Inversion of Control

Reactor and Proactor

Calls back to application-supplied event handlers to perform processing when events occur synchronously and asynchronously.

Service Configurator

Calls back to application-supplied service objects to initialize, suspend, resume, and finalize them.

Task

Calls back to an application-supplied hook method to perform processing in one or more threads of control.

Acceptor-Connector

Calls back to service handlers to initialize them after they're connected.

Streams

Calls back to initialize and finalize tasks when they are pushed and popped from a stream.


The callback methods in ACE's framework classes are defined as C++ virtual methods. This use of dynamic binding allows networked applications to freely implement and extend interface methods without modifying or rebuilding existing framework classes. In contrast, the ACE wrapper facades rarely use callbacks or virtual methods, so they aren't as extensible as the ACE frameworks. The ACE wrapper facades do support a broad range of use cases, however, and can be integrated together via generic programming [Ale01] techniques based on the C++ traits and traits classes idioms outlined in Sidebar 40 (page 165).

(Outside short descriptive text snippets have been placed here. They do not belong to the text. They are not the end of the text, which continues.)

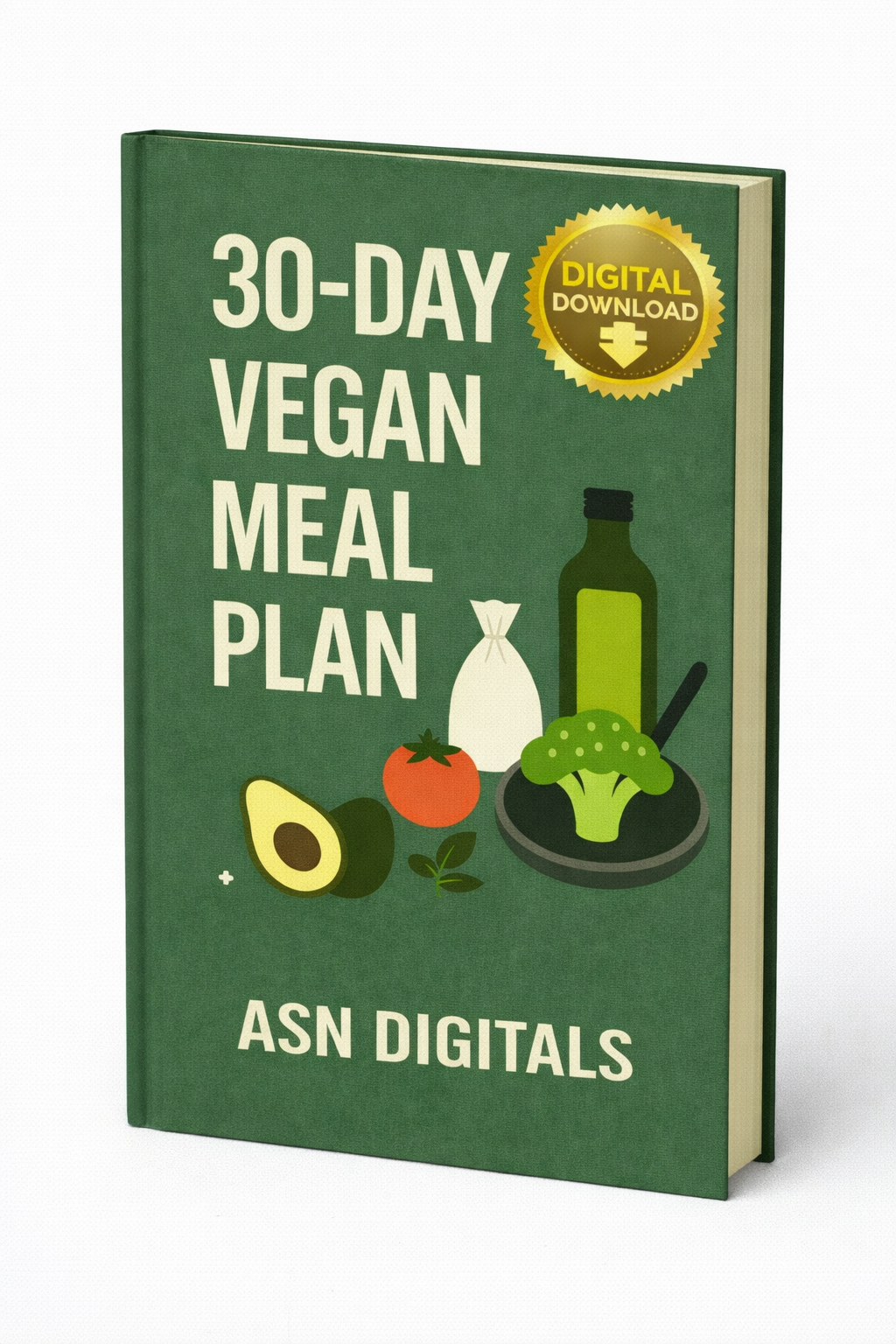 30-day Vegan Meal Plan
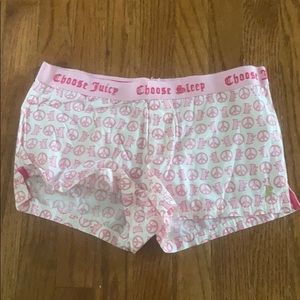 Juicy Couture Shorts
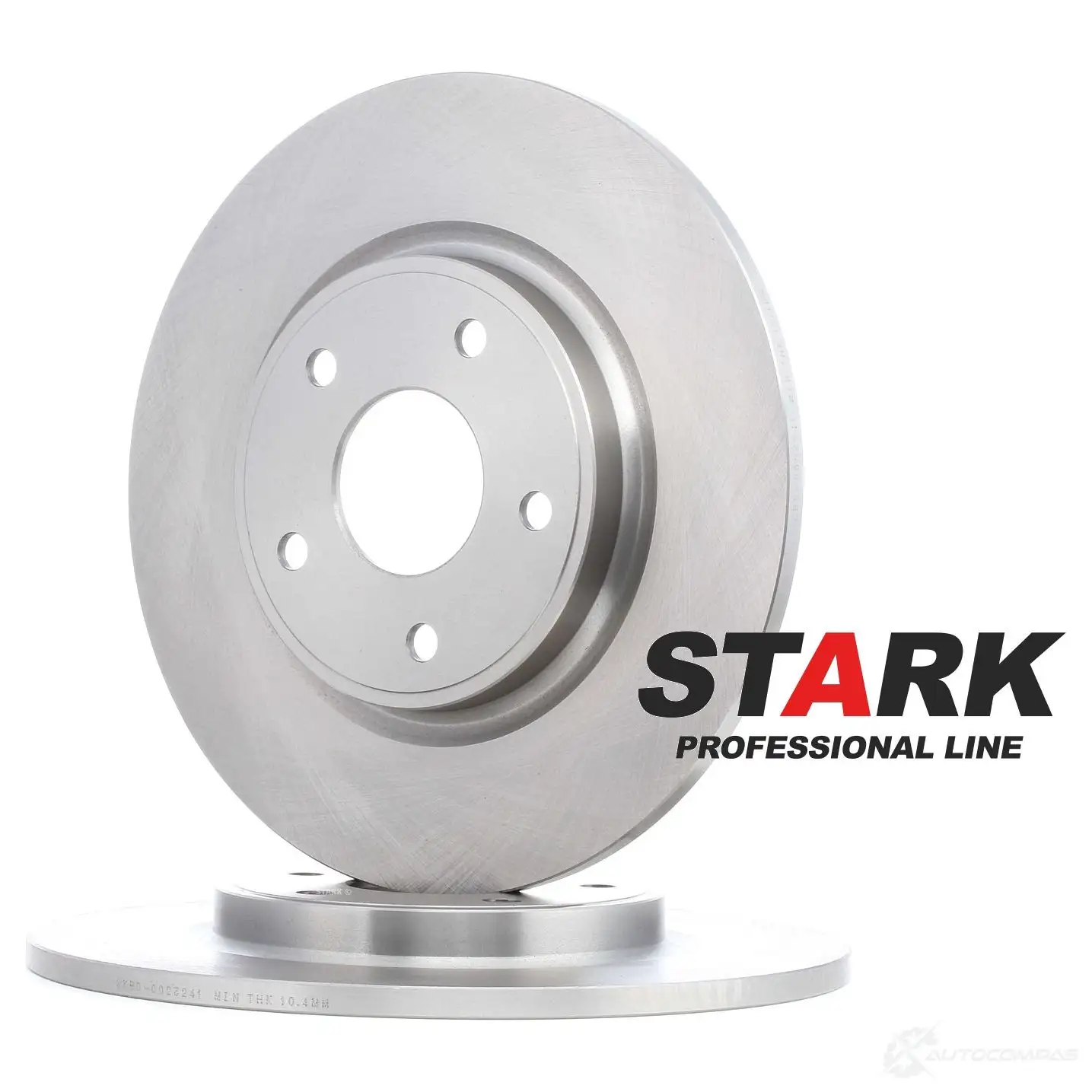 Тормозной диск STARK skbd0023241 OK R2C 1438025166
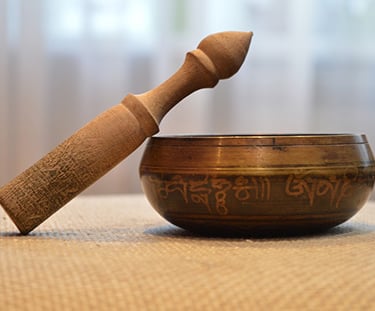 meditation bell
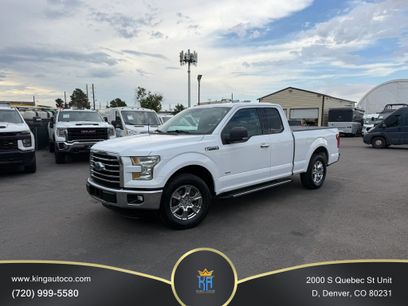 Used 2015 Ford F150 XLT w/ Equipment Group 301A Mid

Figure 1.9 illustrates how the class libraries and frameworks in ACE are complementary technologies. The ACE toolkit simplifies the implementation of its frameworks via its class libraries of containers, which include lists, queues, hash tables, strings, and other reusable data structures. Likewise, application-defined code invoked by event handlers in the ACE Reactor framework can use the ACE wrapper facades and the C++ standard library classes [Jos99] to perform IPC, synchronization, file management, and string processing operations. Sidebar 3 describes how to build the ACE library so that you can experiment with the examples we present in this book.

Figure 1.9 Figure 1.9: Applying Class Libraries to Develop and Use ACE Frameworks


Sidebar 3: Building ACE and Programs that Use ACE

ACE is open-source software that you can download from http://ace.ece.uci. edu or http://www.riverace.com and build yourself. These sites contain a wealth of other material on ACE, such as tutorials, technical papers, and an overview of other ACE wrapper facades and frameworks that aren't covered in this book. You can also purchase a prebuilt version of ACE from Riverace at a nominal cost. See http://www.riverace.com for a list of the prebuilt compiler and OS platforms supported by Riverace.

If you want to build ACE yourself, you should download and unpack the ACE distribution into an empty directory. The top-level directory in the distribution is named ACE_wrappers. We refer to this top-level directory as "ACE_ROOT." You should create an environment variable by that name containing the full path to the top-level ACE directory. The ACE source and header files reside in $ACE_ROOT/ace.

The $ACE_ROOT/ACE-INSTALL.html file has complete instructions for building ACE, including how to configure it for your OS and compiler. This book's networked logging service example source and header files reside in $ACE_ROOT/examples/ C++NPv2 and are ready to build on all platforms that ACE supports. To build your own programs, the $ACE_ROOTdirectory must be added to your compiler's file include path. For command-line compilers, this can be done with the -Ior /Icompiler option. Graphical IDEs provide similar options, such as MSVC++'s "Preprocessor, Additional include directories" section of the C/C++ tab on the Project Settings dialog box.